Branch 377 bought the mobile classrooms in early 2012 at an auction in Cypress, Vashal said.
It cost $55,000 to buy the buildings and move them to the Katy site, he said.
So far, temple organizers have raised $23,000 toward the $30,000 renovation, Gullapalli said.
In the Houston area, the Hindu community includes about 200,000 people from various national backgrounds, he said.
Among the 10 to 15 temple organizers is Amaranth Venkateswarlu, an engineer.
“I’m very excited that the temple is coming to Katy, so we can go on a daily basis or at least weekly,” he said. “Now the temples we go to are in Pearland or Sugar Land.”
Potential users include an estimated 500 Indian families who live in Katy, Venkateswarlu said.
While some temples cater to a particular region of India, this one – to be known as Sai Durga Shiva Vishnu Temple– will include dieties from all of India, he said.

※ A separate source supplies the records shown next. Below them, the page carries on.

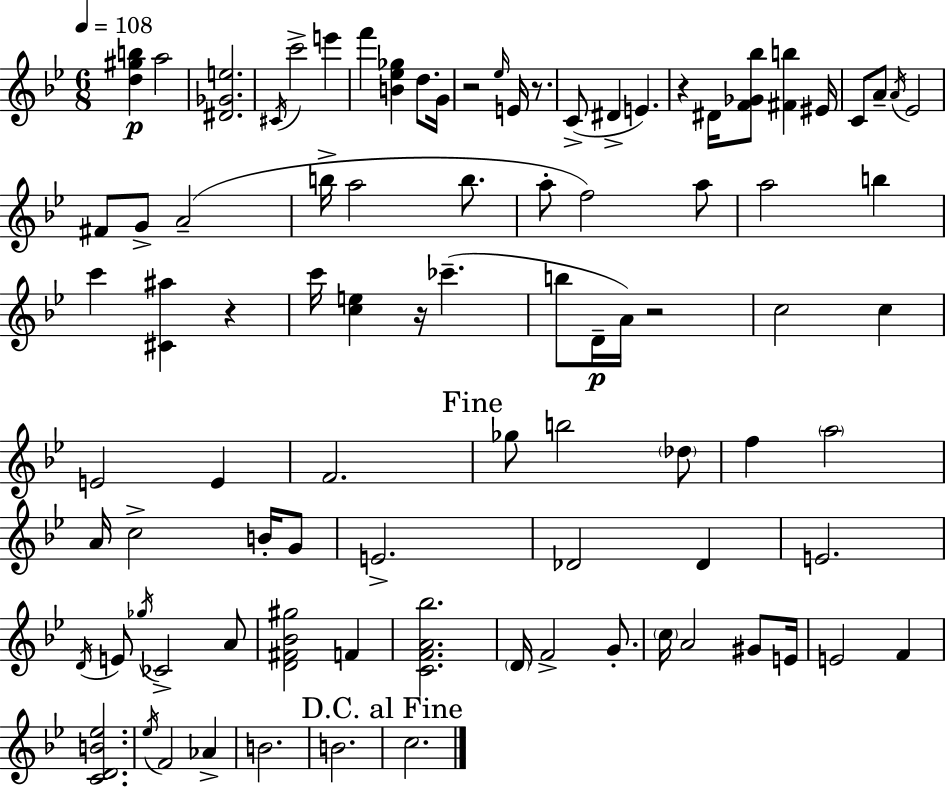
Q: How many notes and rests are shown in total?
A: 90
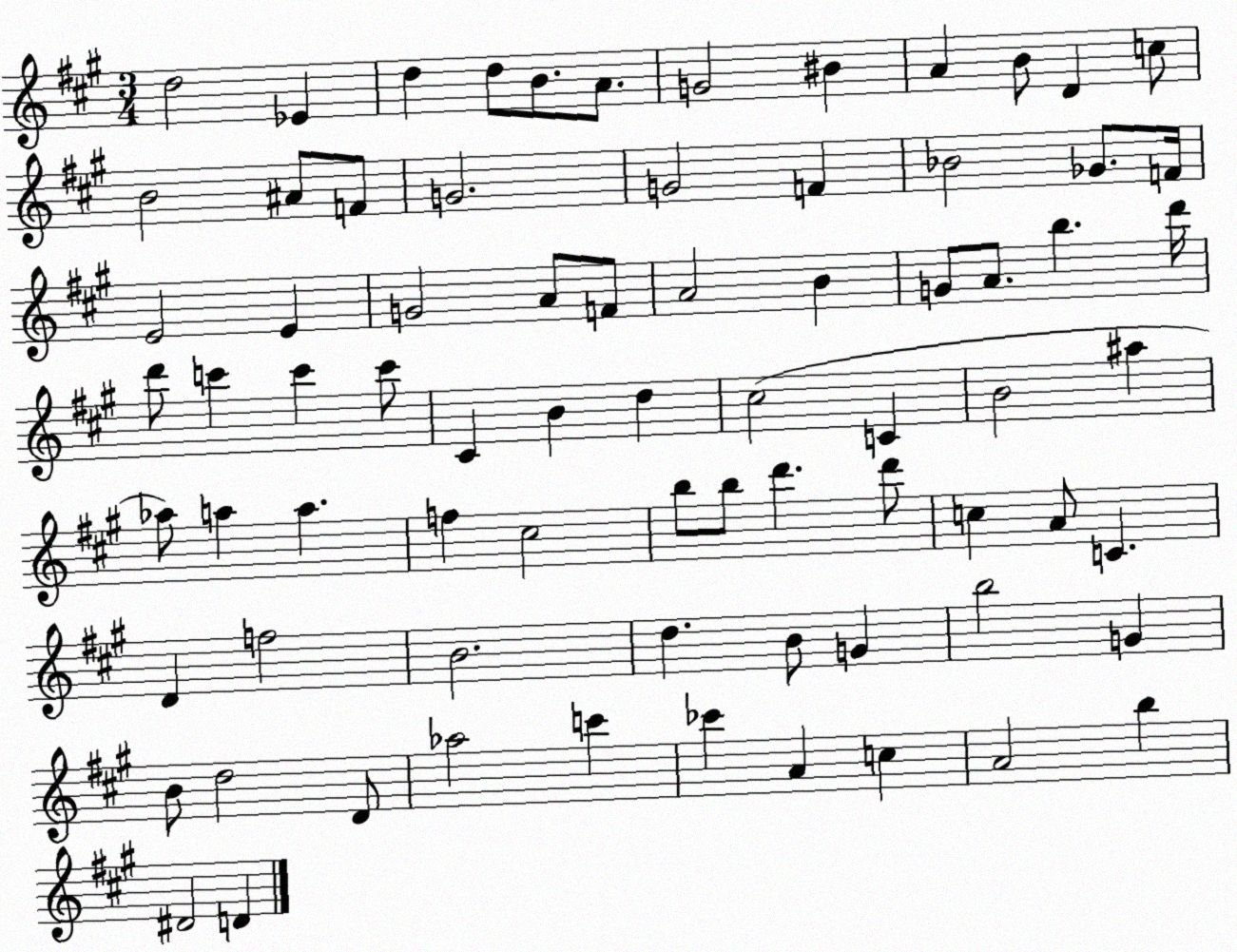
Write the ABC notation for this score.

X:1
T:Untitled
M:3/4
L:1/4
K:A
d2 _E d d/2 B/2 A/2 G2 ^B A B/2 D c/2 B2 ^A/2 F/2 G2 G2 F _B2 _G/2 F/4 E2 E G2 A/2 F/2 A2 B G/2 A/2 b d'/4 d'/2 c' c' c'/2 ^C B d ^c2 C B2 ^a _a/2 a a f ^c2 b/2 b/2 d' d'/2 c A/2 C D f2 B2 d B/2 G b2 G B/2 d2 D/2 _a2 c' _c' A c A2 b ^D2 D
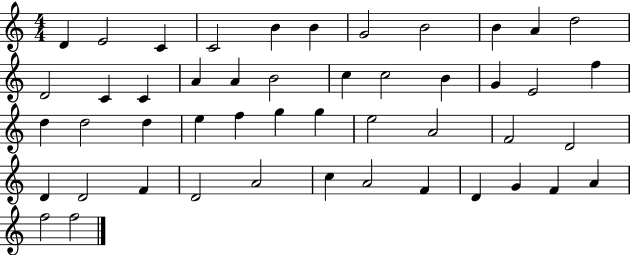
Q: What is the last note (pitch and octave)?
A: F5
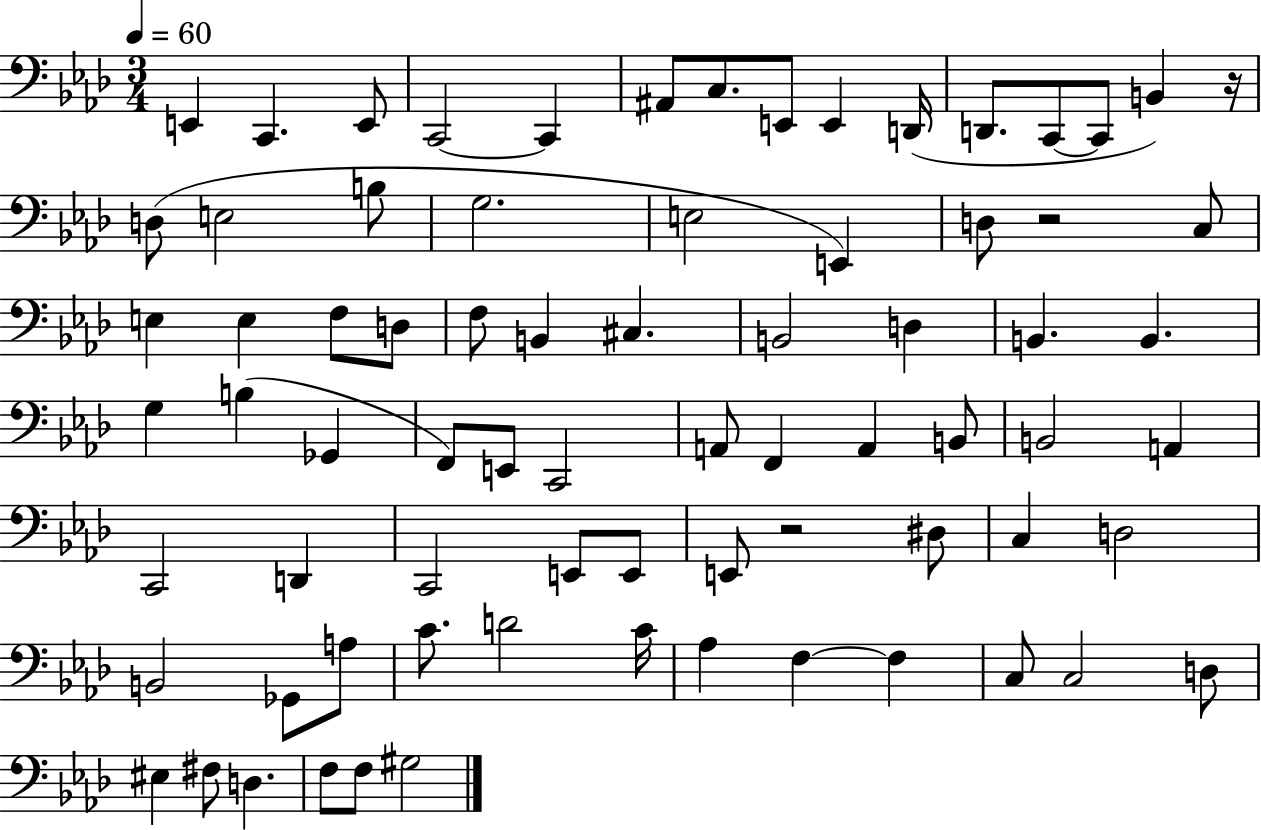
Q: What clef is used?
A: bass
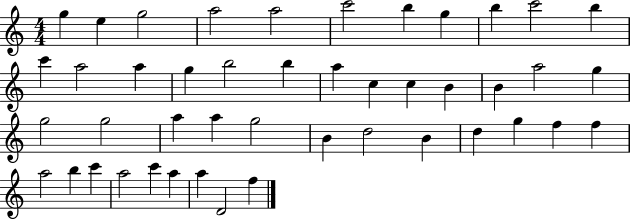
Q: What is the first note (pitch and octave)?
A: G5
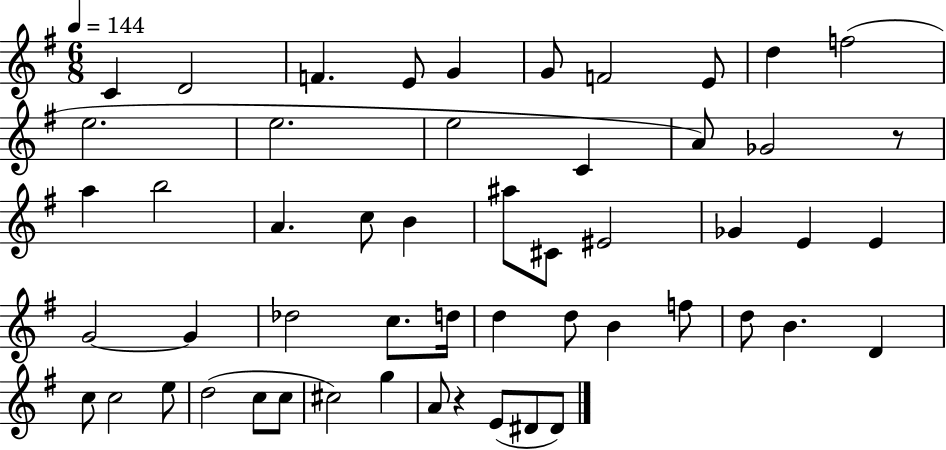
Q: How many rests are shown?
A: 2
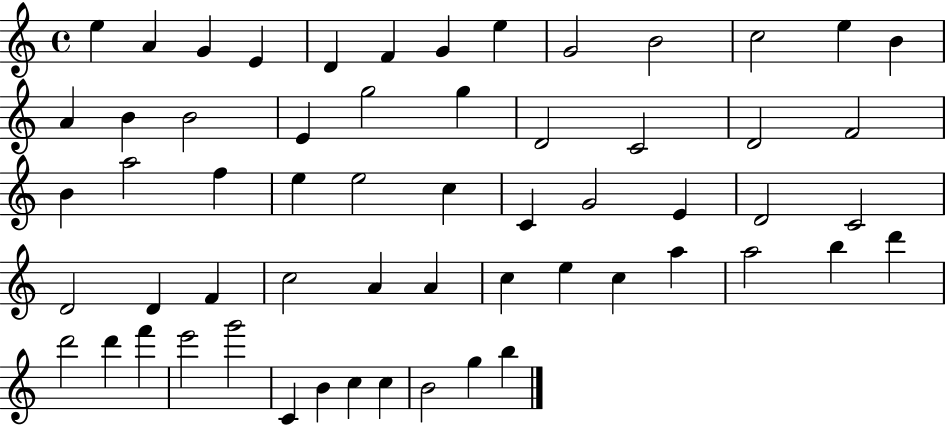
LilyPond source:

{
  \clef treble
  \time 4/4
  \defaultTimeSignature
  \key c \major
  e''4 a'4 g'4 e'4 | d'4 f'4 g'4 e''4 | g'2 b'2 | c''2 e''4 b'4 | \break a'4 b'4 b'2 | e'4 g''2 g''4 | d'2 c'2 | d'2 f'2 | \break b'4 a''2 f''4 | e''4 e''2 c''4 | c'4 g'2 e'4 | d'2 c'2 | \break d'2 d'4 f'4 | c''2 a'4 a'4 | c''4 e''4 c''4 a''4 | a''2 b''4 d'''4 | \break d'''2 d'''4 f'''4 | e'''2 g'''2 | c'4 b'4 c''4 c''4 | b'2 g''4 b''4 | \break \bar "|."
}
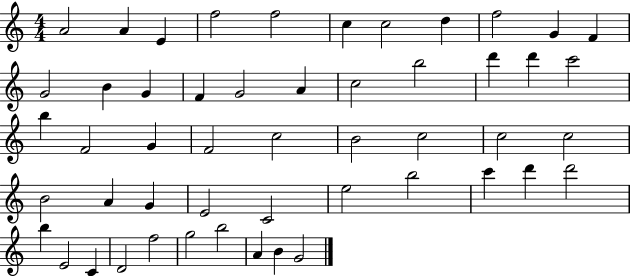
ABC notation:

X:1
T:Untitled
M:4/4
L:1/4
K:C
A2 A E f2 f2 c c2 d f2 G F G2 B G F G2 A c2 b2 d' d' c'2 b F2 G F2 c2 B2 c2 c2 c2 B2 A G E2 C2 e2 b2 c' d' d'2 b E2 C D2 f2 g2 b2 A B G2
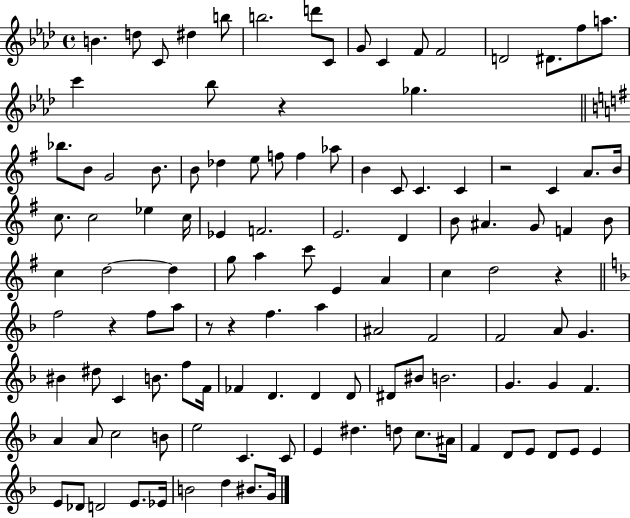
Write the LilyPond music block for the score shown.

{
  \clef treble
  \time 4/4
  \defaultTimeSignature
  \key aes \major
  b'4. d''8 c'8 dis''4 b''8 | b''2. d'''8 c'8 | g'8 c'4 f'8 f'2 | d'2 dis'8. f''8 a''8. | \break c'''4 bes''8 r4 ges''4. | \bar "||" \break \key e \minor bes''8. b'8 g'2 b'8. | b'8 des''4 e''8 f''8 f''4 aes''8 | b'4 c'8 c'4. c'4 | r2 c'4 a'8. b'16 | \break c''8. c''2 ees''4 c''16 | ees'4 f'2. | e'2. d'4 | b'8 ais'4. g'8 f'4 b'8 | \break c''4 d''2~~ d''4 | g''8 a''4 c'''8 e'4 a'4 | c''4 d''2 r4 | \bar "||" \break \key f \major f''2 r4 f''8 a''8 | r8 r4 f''4. a''4 | ais'2 f'2 | f'2 a'8 g'4. | \break bis'4 dis''8 c'4 b'8. f''8 f'16 | fes'4 d'4. d'4 d'8 | dis'8 bis'8 b'2. | g'4. g'4 f'4. | \break a'4 a'8 c''2 b'8 | e''2 c'4. c'8 | e'4 dis''4. d''8 c''8. ais'16 | f'4 d'8 e'8 d'8 e'8 e'4 | \break e'8 des'8 d'2 e'8. ees'16 | b'2 d''4 bis'8. g'16 | \bar "|."
}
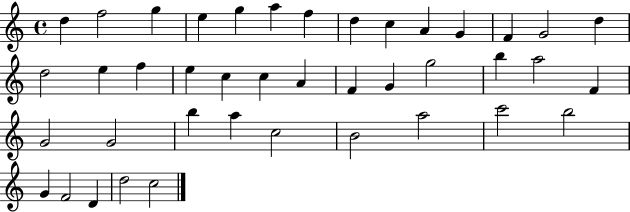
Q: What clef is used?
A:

According to the temple website, its mission is to provide a Hindu place of worship in Katy, to bring together Katy’s Hindu community and to provide a forum for scholarly discussions of Hindu philosophy and related topics.
The mission also includes establishing a library of Hindu philosophy and religion to help preserve its traditions and cultural heritage.
Rajan Zed, president of the Universal Society of Hinduism based in Reno, Nev., said Monday in an emailed statement that he hoped the new Katy temple would emphasize passing Hindu spirituality, concepts and traditions to future generations in the midst of a consumerist society’s many distractions.
“We should focus on the inner search and realization of self and work towards achieving ‘moksh’ (liberation), … the goal of Hinduism,” he said by email.